━━━━━ Available data ━━━━━

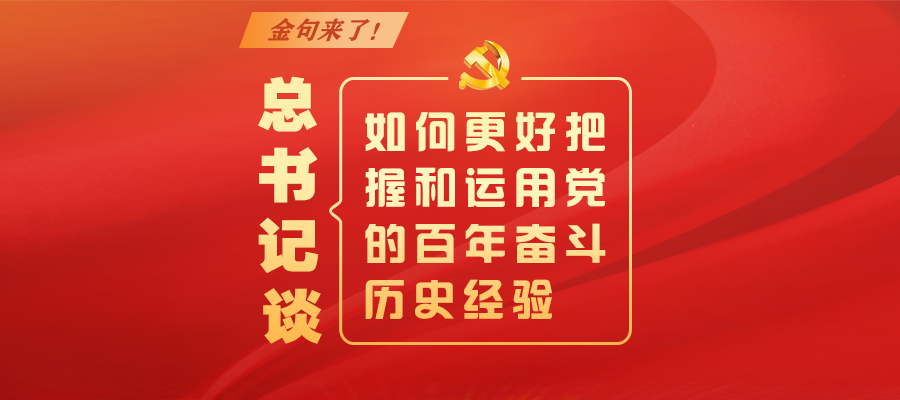 金句來(lái)了！總書(shū)記談如何更好把握和運(yùn)用黨的百年奮斗歷史經(jīng)驗(yàn)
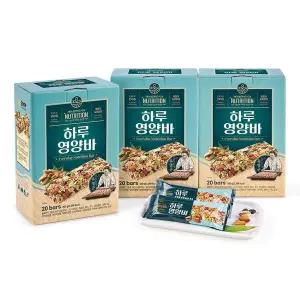 [NS홈쇼핑]호정가 유영군 명인의 하루 영양바 60개 (20개X3박스)[35093376]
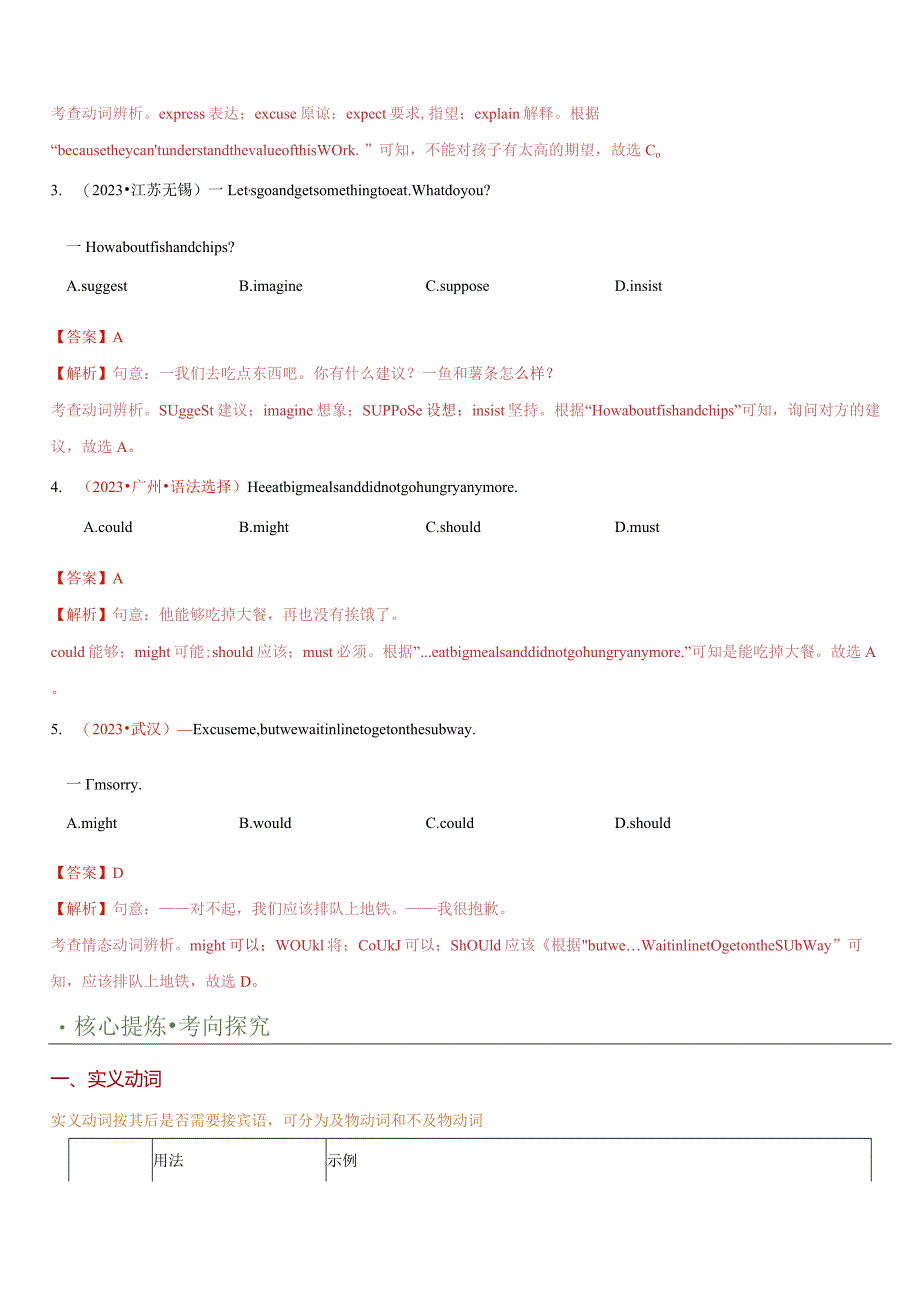 专题02动词&情态动词（讲练）（原卷版）.docx_第2页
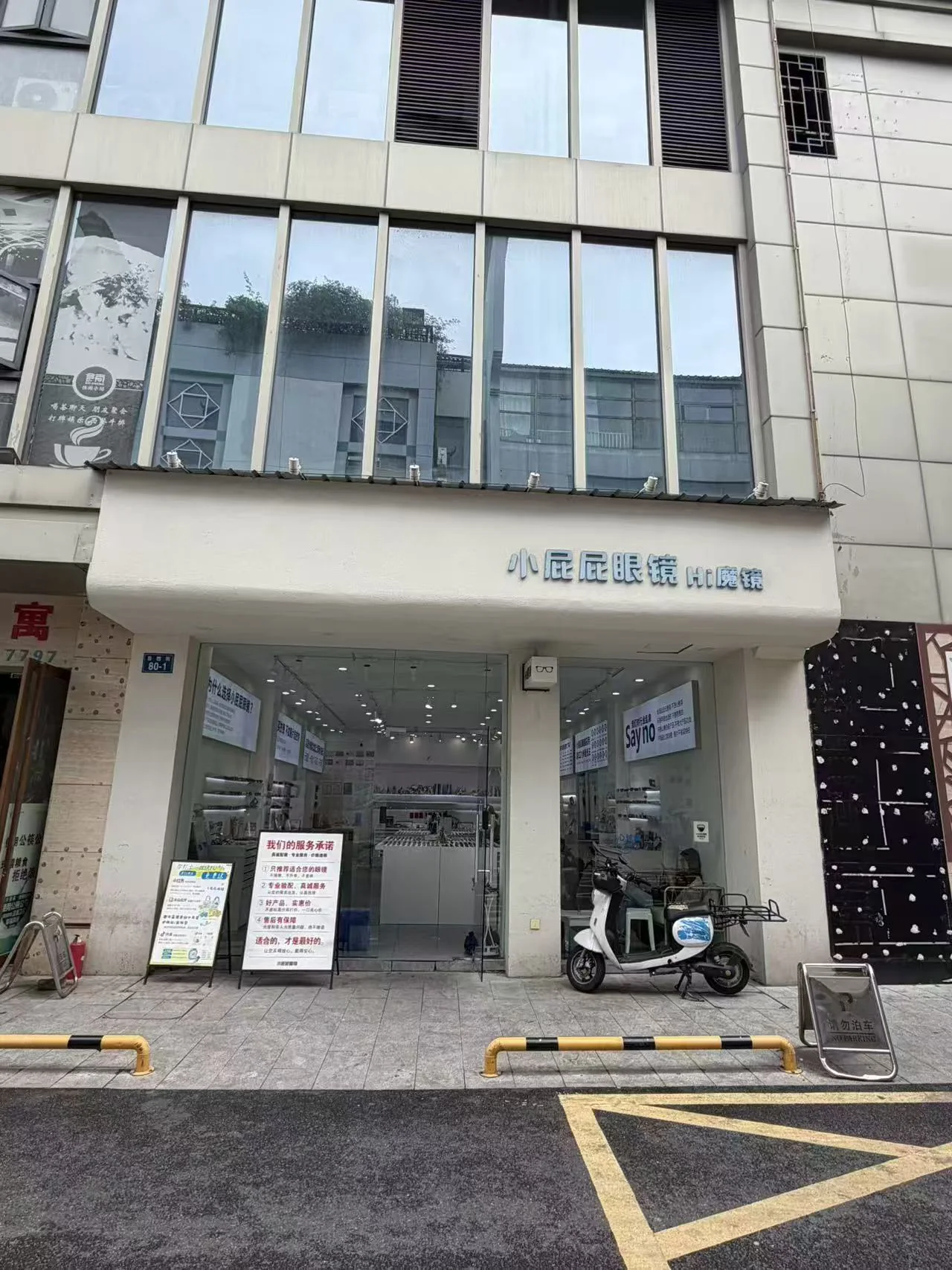 小屁屁眼镜县西街店80-1号门头实景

━━━━━

## Task requirements
Your reply should restate the data above word for word and contain no pictures.

## Finished exercise
 金句來(lái)了！總書(shū)記談如何更好把握和運(yùn)用黨的百年奮斗歷史經(jīng)驗(yàn)
 [NS홈쇼핑]호정가 유영군 명인의 하루 영양바 60개 (20개X3박스)[35093376]
 专题02动词&情态动词（讲练）（原卷版）.docx_第2页
 小屁屁眼镜县西街店80-1号门头实景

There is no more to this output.